Saturday, July 23, 2011

Olympus E-PL2 (Black, with 14-42mm lens) Review




The good: The E-PL2 delivers excellent photo quality, with an extremely customizable interface.
The bad: Performance has improved, but the E-PL2 still couldn't be classified as fast overall.
The bottom line: A great interchangeable-lens model if you're looking for better photo quality and/or a more advanced feature set than your current point-and-shoot offers, the Olympus PEN E-PL2 still doesn't satisfy for photographing active kids and pets.

For its E-PL2, Olympus makes some design and feature enhancements, as well as performance tweaks, to its PEN E-PL1 Micro Four Thirds camera. The result is a noticeably better camera, delivering better photo quality and an improved shooting experience than its predecessor. The most obvious functional differences to this consumer-focused interchangeable-lens camera (ILC) include a larger LCD, multiple variations for some of the Art Filters, support for the new accessory connector, and redesign of the buttons. It also supports an extra stop of sensitivity, up to ISO 6400.
While ISO 6400 may be mostly unusable--typical of most consumer cameras, the top ISO sensitivity is more of a marketing feature than a real tool--the E-PL2 has a very nice noise profile. It's not quite as good as the Sony Alpha NEX-5, but that seems to be because the lower-resolution images lose sharpness more quickly rather than higher noise incidence. You can shoot pretty comfortably up through ISO 800. At ISO 1600 things start to soften and detail starts to degrade, and color artifacts become readily apparent at ISO 3200. Nor does it clip the shadows as much as a lot of other cameras at higher ISO sensitivities.

Overall, the E-PL2 delivers very nice photo quality, in cases noticeably better than the E-PL1. Olympus seems to have tweaked its default noise reduction parameters: you lose a little sharpness, but the results look more natural. As long as you don't have small details in the image, photos shot even at ISO 3200 can be quite usable. The color rendition remains excellent--what little color I could find in the February New York City landscape--and it seems as if the metering has been improved to produce slightly brighter exposures under similar lighting conditions.
The video quality remains satisfactory, but not great; there are a decent set of manual controls for shooting movies, as well as Art Filter support, but there's considerable rolling shutter wobble in all but stationary scenes. The kit comes bundled with a new version of the 14-42mm lens, dubbed MSC, which is designed to operate more quietly when shooting video--it doesn't use any fancy new technologies, just internal focus. And it is quieter. But the continuous autofocus is only a bit less inconsistent than the system of older lens and PEN cameras, with a tendency to continue hunting even on stationary subjects. The lens has a bayonet mount on the front as well for filters and add-ons; Olympus will be adding a line of these types of accessories.

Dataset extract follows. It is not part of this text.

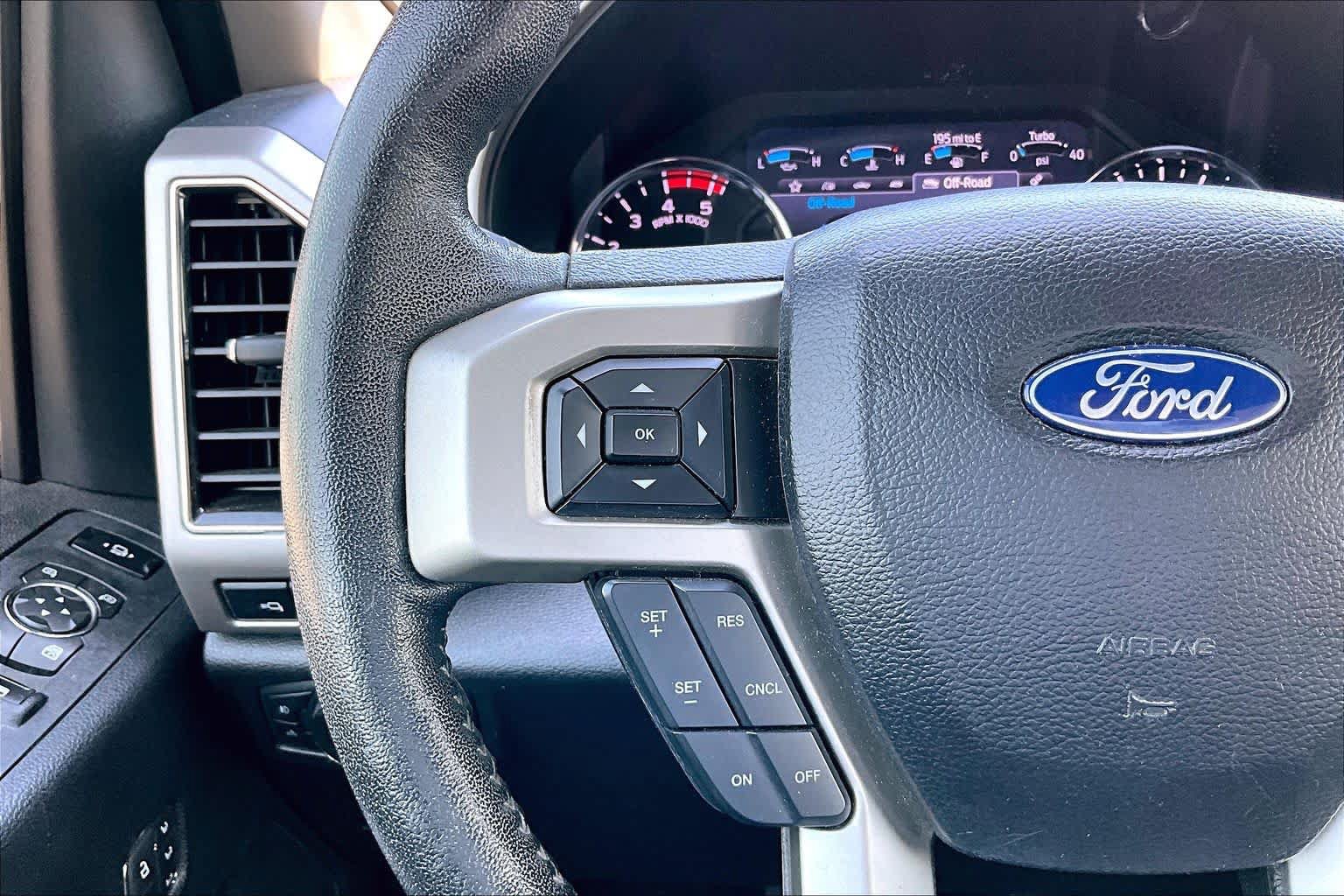 Used 2020 Ford F250 Lariat w/ Lariat Ultimate Package AWD/4WD image 22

The performance improvement was one of the E-PL2's nicest surprises, especially given how little the inner hardware has changed. Though I still wouldn't say the camera's fast, Olympus has brought its autofocus speed up to where it should be; unfortunately, the image processing still bogs it down somewhat, keeping shot-to-shot times in passable-but-annoying territory. It's relatively zippy on start-up--0.8 second to power on, focus, and shoot--and its shot lag of 0.4 second in bright light and 0.7 second in dim brings it right into line with the faster cameras in its class. But while it's faster than previous PEN models at firing two sequential shots, its 1.3-second shot-to-shot time (1.7 seconds with flash) is still on the high side. And despite a respectable 3.1fps burst rate, the autofocus system hasn't improved enough to keep up satisfactorily with a moving subject.
The LCD is a nice upgrade from the earlier models, bright and crisp, and better for manual focusing.